[Start of section]

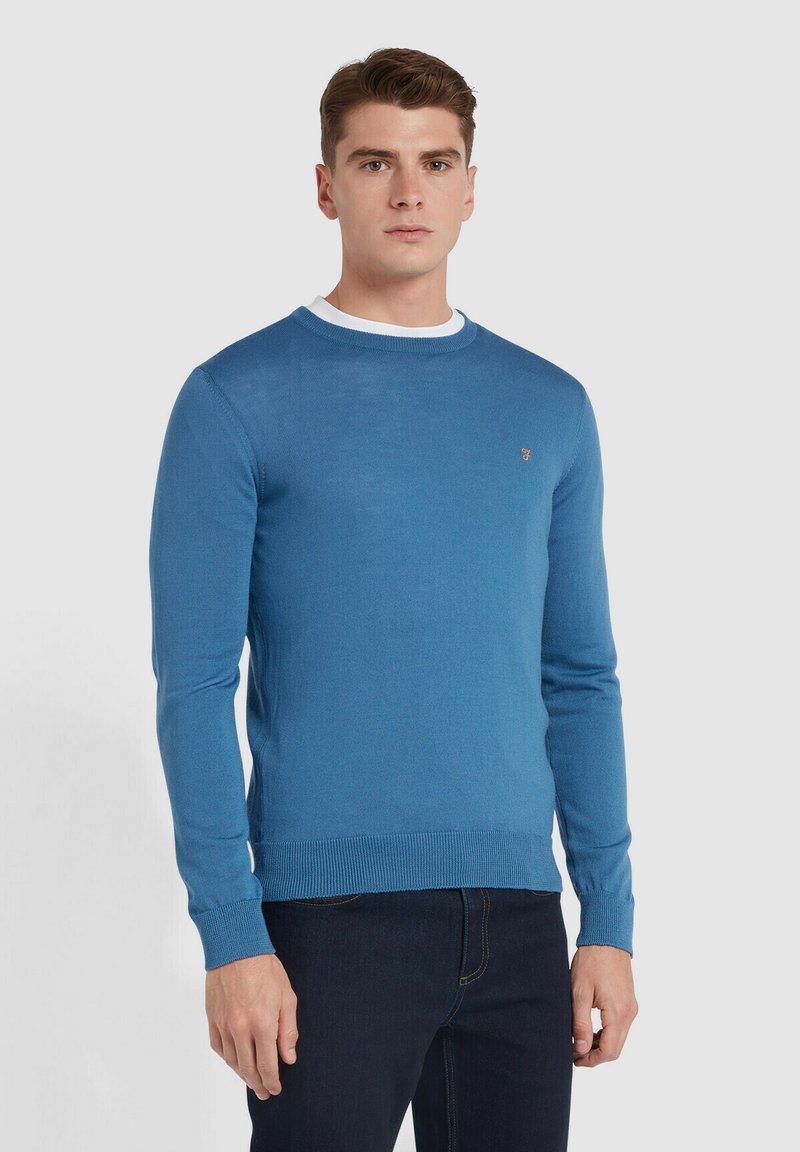 Niebieski sweter robiony na drutach z okrągłym dekoltem oraz ściągaczami na mankietach i dolnej krawędzi. Zawiera mały detal z logo na klatce piersiowej. Gładka tekstura, średnia waga.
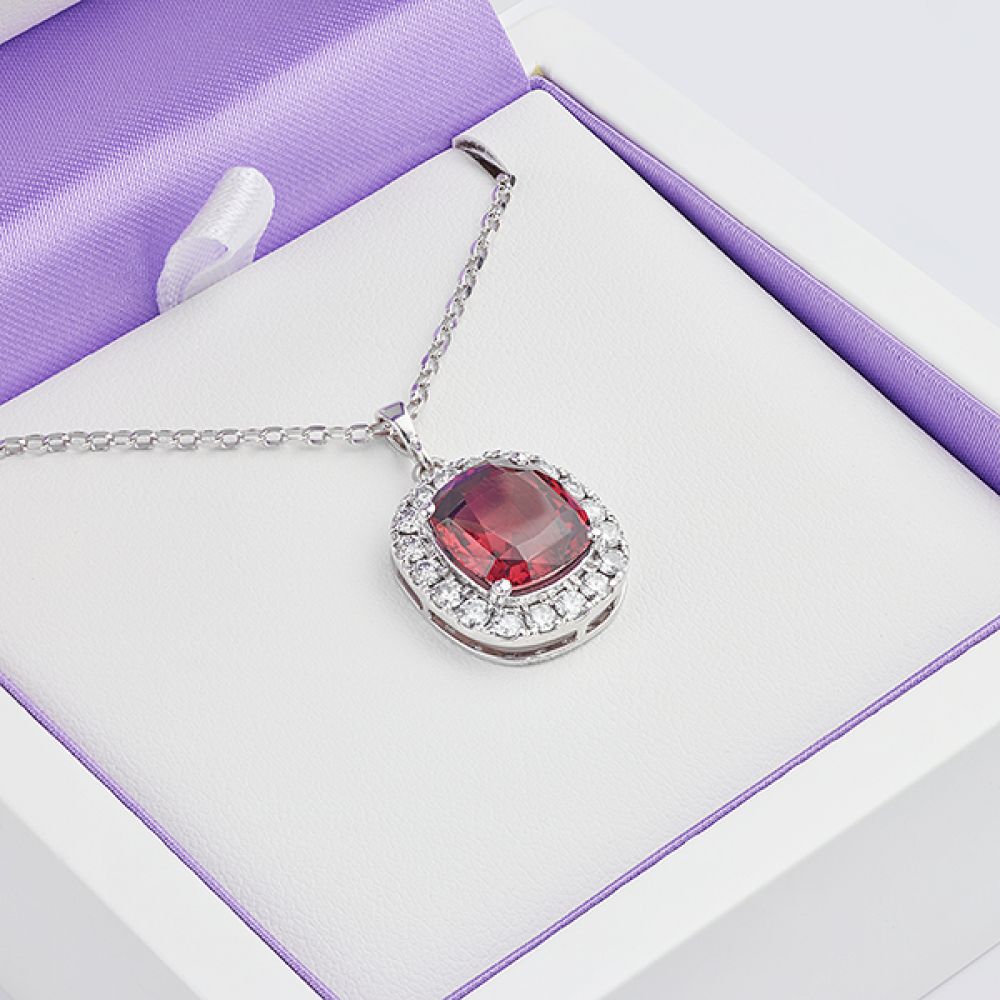 Garnet and Diamond Halo Necklace in Serendipity Diamonds Presentation Box Garnet and Diamond Halo Necklace in Serendipity Diamonds Presentation Box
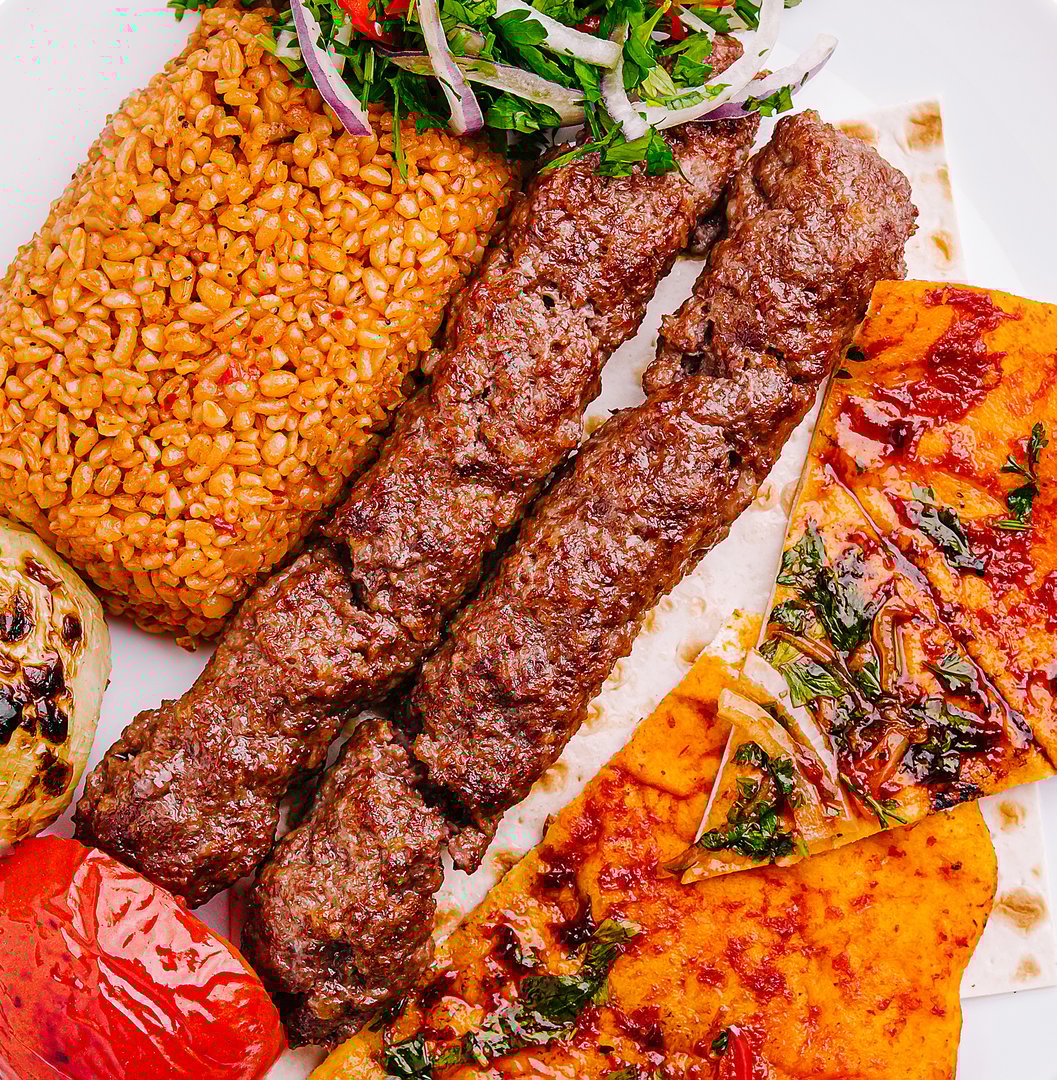A delicious plate showcases grilled kebabs accompanied by flavorful rice, fresh herbs, grilled vegetables, and a side of baked flatbread. This meal highlights rich textures and vibrant colors.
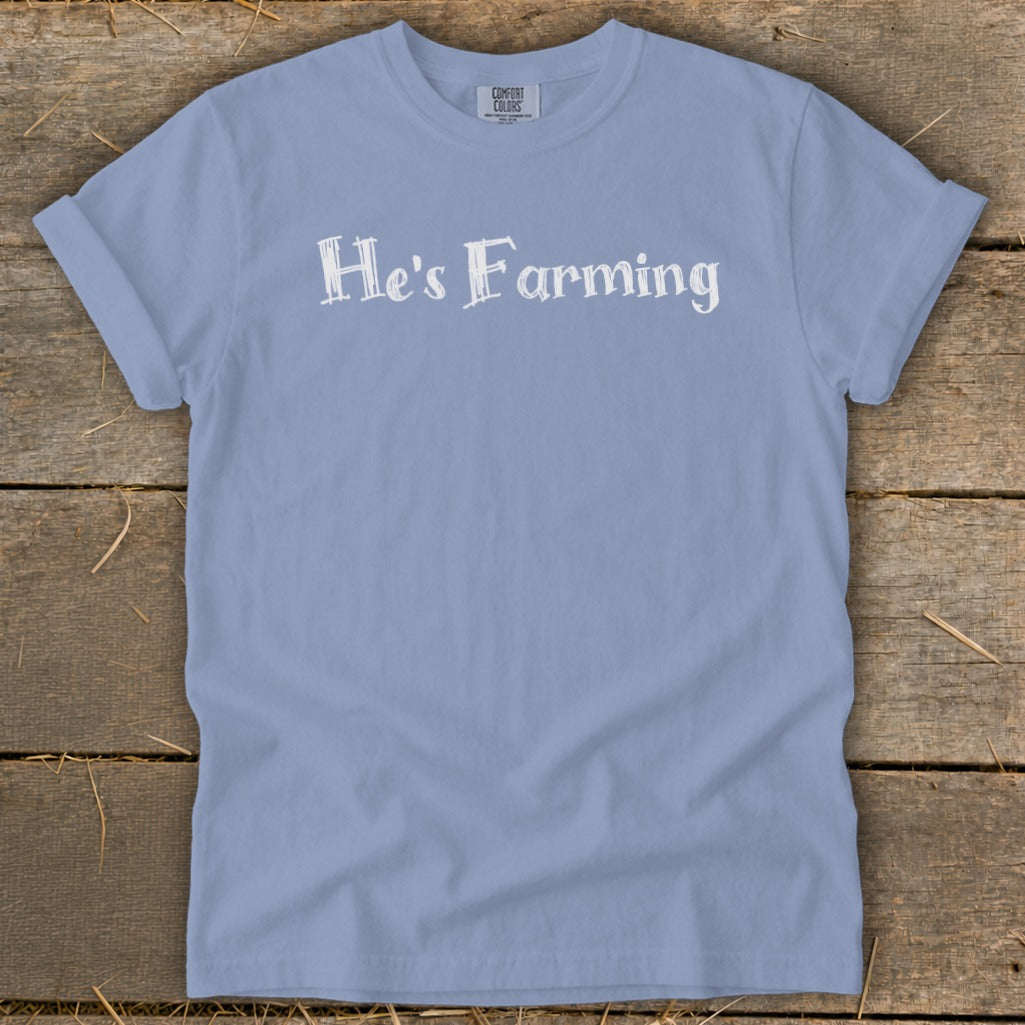 Light blue t-shirt with "He's Farming" text in white lettering.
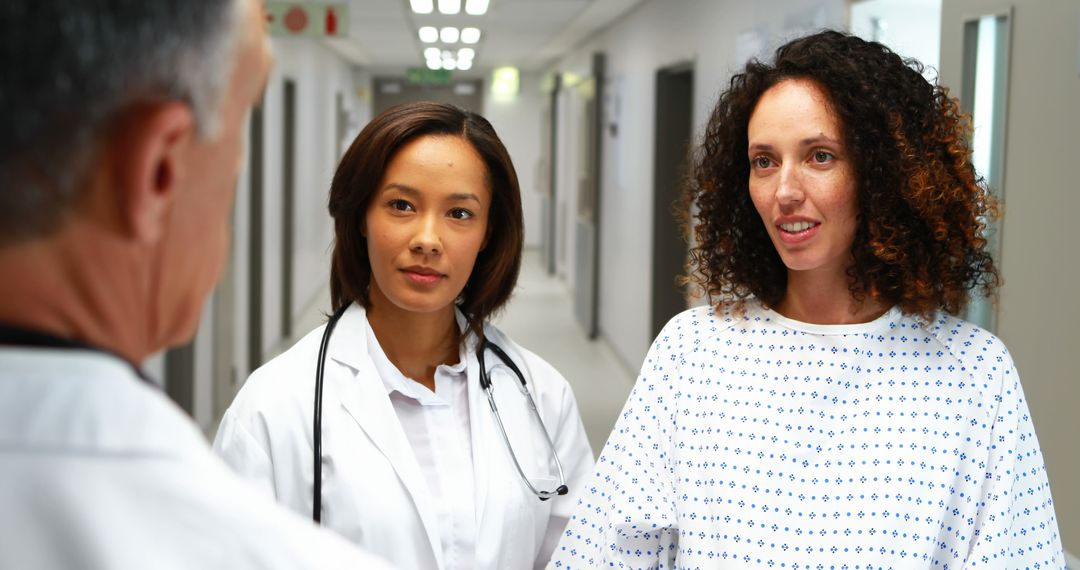 Doctors Discussing Treatment with Female Patient in Hospital Corridor - Free Images, Stock Photos and Pictures on Pikwizard.com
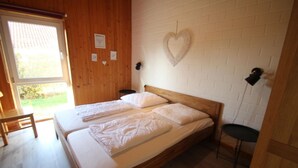A room with a wooden floor, a bed with white bedding, a small table, and a heart-shaped decoration on the wall. - Moderner Bungalow mit Terrasse im Ferienpark Mirow (Granzow)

[End of section]

→ **The task**: Reproduce exactly the lines from the one containing "Doctors Discussing Treatment" through the last line of the records, both included, leaving out every picture.

→ **Answer to the exercise**:
 Doctors Discussing Treatment with Female Patient in Hospital Corridor - Free Images, Stock Photos and Pictures on Pikwizard.com
A room with a wooden floor, a bed with white bedding, a small table, and a heart-shaped decoration on the wall. - Moderner Bungalow mit Terrasse im Ferienpark Mirow (Granzow)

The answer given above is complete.